Pip: And the poem doesn’t stop at deflating the expert. It turns the question back on the person seeking help, asking whether rescue might begin not with the next specialist but with learning to need one a little less.
Mara: The second poem, “Når to hjarte slår som eitt,” picks up the weight that falls on a single person when illness or grief moves in. One partner becomes harbor, map, lighthouse, and lifeboat all at once — and the poem is honest that love does not keep double-entry books.
Pip: It gives freely until it discovers that even a heart can go bankrupt. Which is a bleak accounting metaphor, but the poem earns it.

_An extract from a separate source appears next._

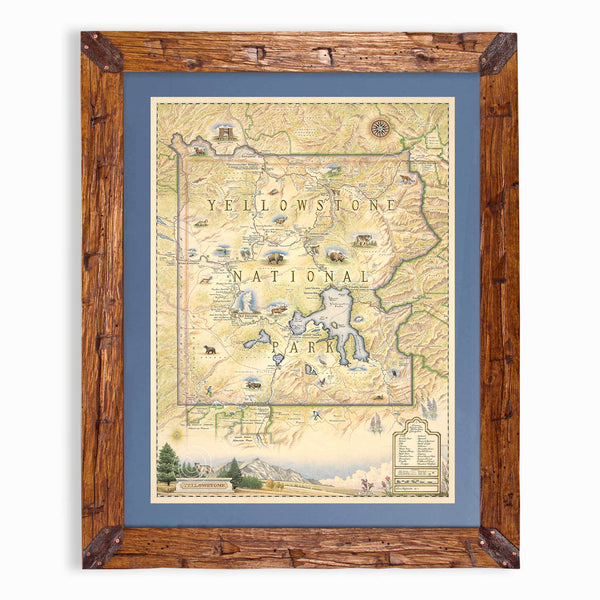 Yellowstone National Park hand-drawn map in earth tones blues and greens. The map print is framed in Montana hand-scraped pine with a blue mat.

Mara: The resolution it reaches is not romantic collapse but something more practical: “Lat oss finne fleire som kan bere dette saman med oss.” Find more people to carry this with us. The burden poem becomes, quietly, a case for community.
Pip: And the third poem, “Den stille kunsten å vedlikehalde,” closes the triptych by arguing that maintenance is not the opposite of love — it is love that arrives before it is needed.
Mara: The images are deliberately ordinary: oil changed before the warning light, paint before the rain finds the wood, a question asked before the answer becomes “not good.” The poem names a Tuesday as the site of the heroic.
Pip: No capes, no crisis — just the hinge, oiled.
Mara: All three poems are working the same seam: the difference between repair and stewardship, and what it costs to confuse the two.
Pip: What stays with me is the sequence — expert, partner, Tuesday. Three scales of the same problem.